Problem statement:
In the listing below, print exactly the lines between the line holding "6288 NW 186th" and the line holding "8677433 - صورة العقار 2", inclusive, and no more.

[Records to use Boundary: Start]

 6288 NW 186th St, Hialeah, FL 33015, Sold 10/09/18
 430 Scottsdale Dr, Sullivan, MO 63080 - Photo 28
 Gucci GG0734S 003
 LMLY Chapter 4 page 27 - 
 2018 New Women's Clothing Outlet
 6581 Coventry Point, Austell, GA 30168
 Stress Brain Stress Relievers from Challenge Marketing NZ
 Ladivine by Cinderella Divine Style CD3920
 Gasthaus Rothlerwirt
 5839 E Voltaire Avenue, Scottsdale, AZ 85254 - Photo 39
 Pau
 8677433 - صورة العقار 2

[Records to use Boundary: End]
[Records to use Boundary: Start]

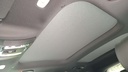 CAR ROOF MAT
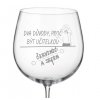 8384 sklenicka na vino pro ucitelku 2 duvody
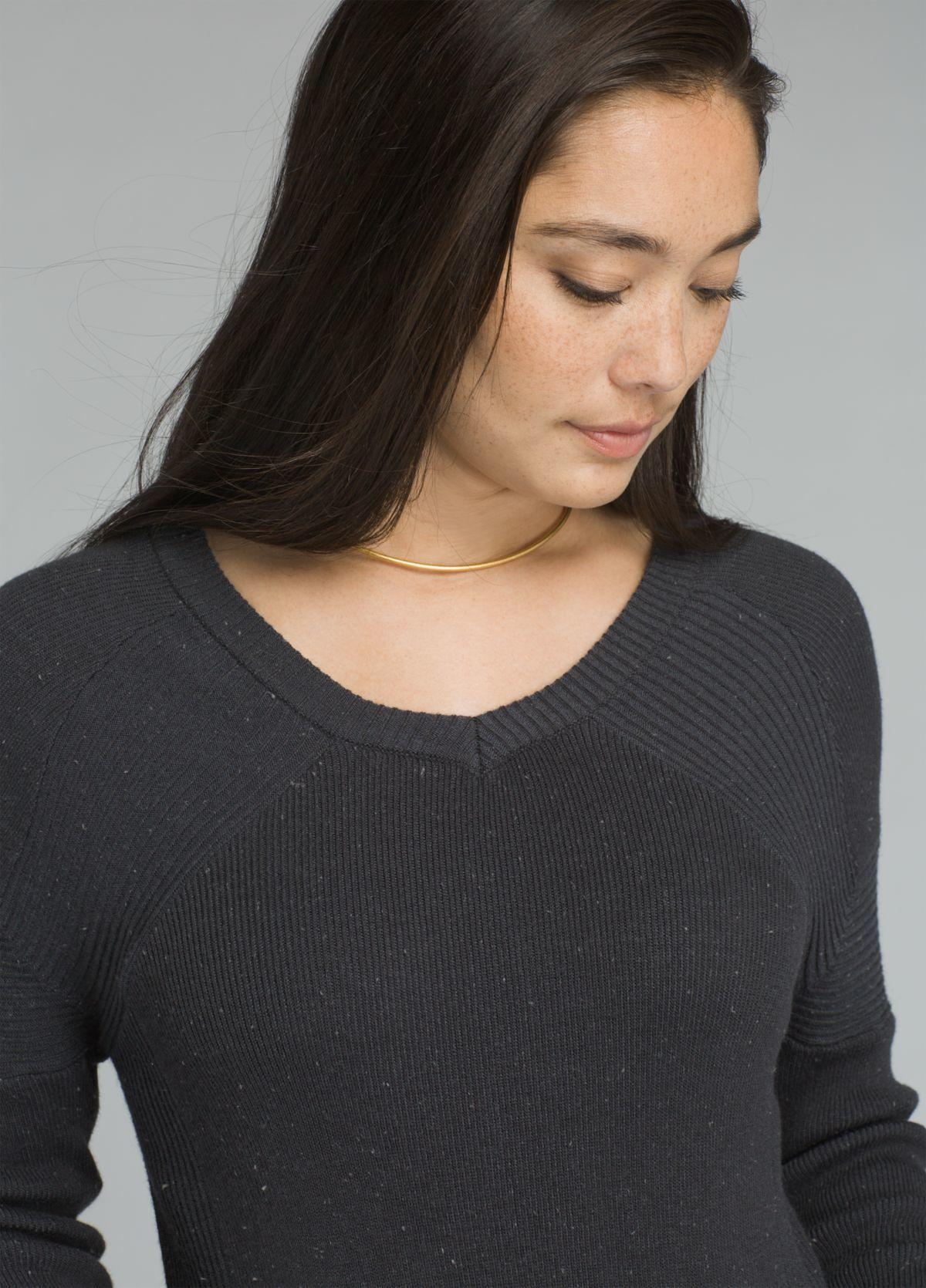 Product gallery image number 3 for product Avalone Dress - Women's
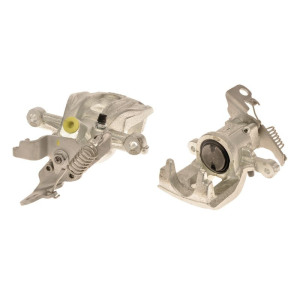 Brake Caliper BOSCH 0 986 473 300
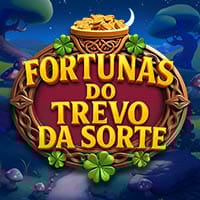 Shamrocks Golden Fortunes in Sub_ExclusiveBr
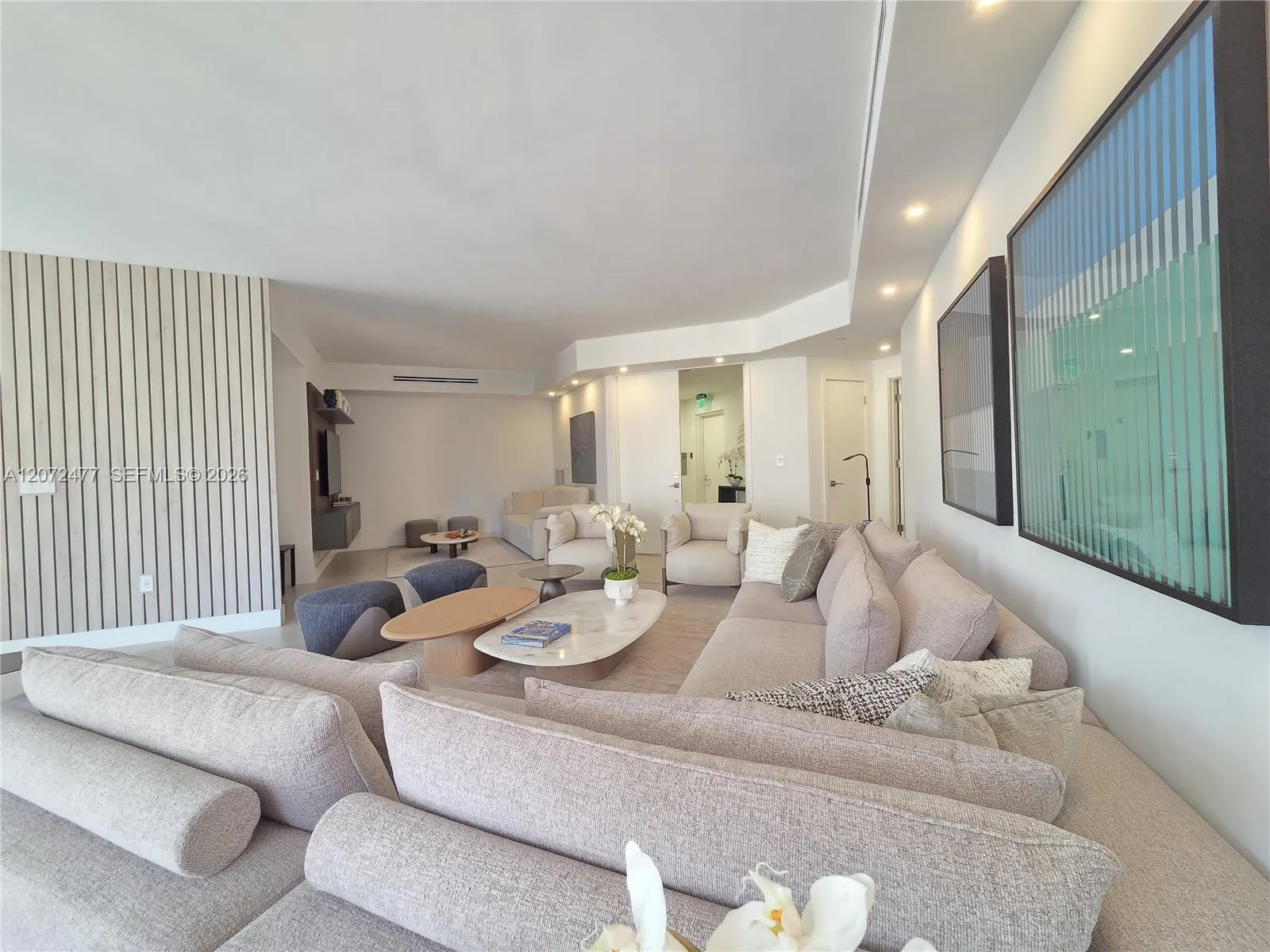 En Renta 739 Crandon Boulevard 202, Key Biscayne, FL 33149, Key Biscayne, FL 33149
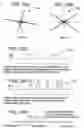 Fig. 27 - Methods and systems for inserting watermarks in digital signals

[Records to use Boundary: End]
[Records to use Boundary: Start]

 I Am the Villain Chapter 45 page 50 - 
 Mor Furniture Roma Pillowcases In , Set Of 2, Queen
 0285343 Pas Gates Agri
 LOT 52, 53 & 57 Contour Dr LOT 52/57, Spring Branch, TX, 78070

[Records to use Boundary: End]

The completed task:
 6288 NW 186th St, Hialeah, FL 33015, Sold 10/09/18
 430 Scottsdale Dr, Sullivan, MO 63080 - Photo 28
 Gucci GG0734S 003
 LMLY Chapter 4 page 27 - 
 2018 New Women's Clothing Outlet
 6581 Coventry Point, Austell, GA 30168
 Stress Brain Stress Relievers from Challenge Marketing NZ
 Ladivine by Cinderella Divine Style CD3920
 Gasthaus Rothlerwirt
 5839 E Voltaire Avenue, Scottsdale, AZ 85254 - Photo 39
 Pau
 8677433 - صورة العقار 2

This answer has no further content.